== Exercise material ==
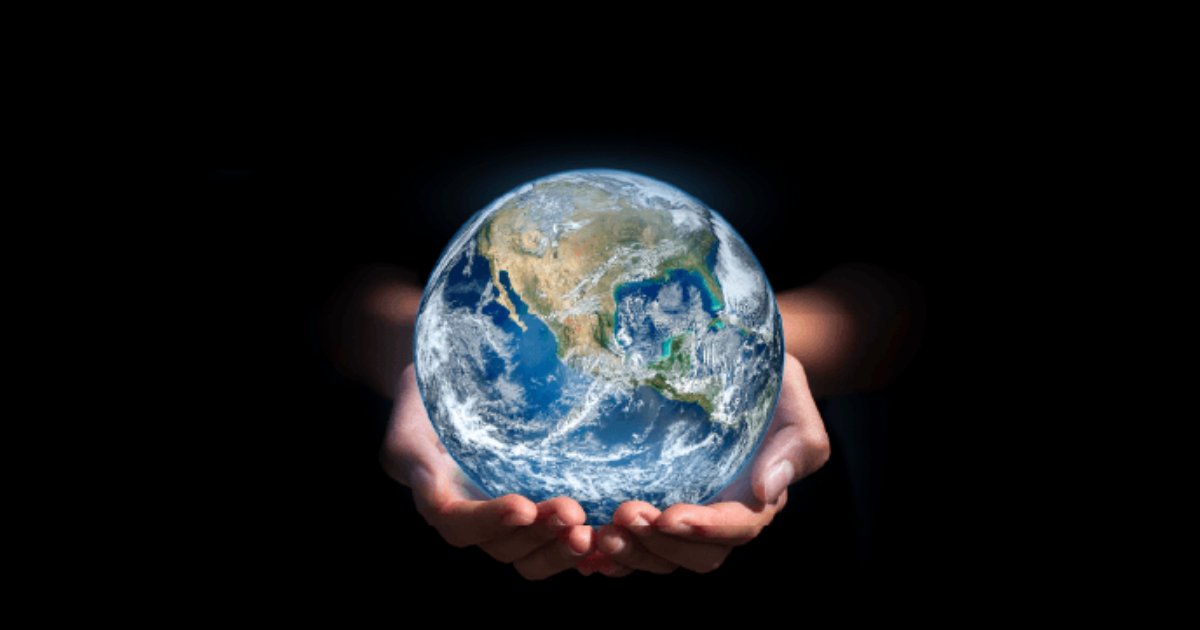 Faith leaders have joined scientists &amp; activists in raising an alarm against the environmentally destructive #Highway413.

Message: Ontario gov't, keep your #HandsOffTheGreenbelt!

Read the open letter signed by over 50 faith leaders:
davidsuzuki.org/press/faith-le…
<a href="/ONEIGrnao/">Ontario Nurses for the Environment</a> #Hwy413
===
Requirement
Exclude all images and retype the data precisely.

Solution to this task
 Faith leaders have joined scientists &amp; activists in raising an alarm against the environmentally destructive #Highway413.

Message: Ontario gov't, keep your #HandsOffTheGreenbelt!

Read the open letter signed by over 50 faith leaders:
davidsuzuki.org/press/faith-le…
<a href="/ONEIGrnao/">Ontario Nurses for the Environment</a> #Hwy413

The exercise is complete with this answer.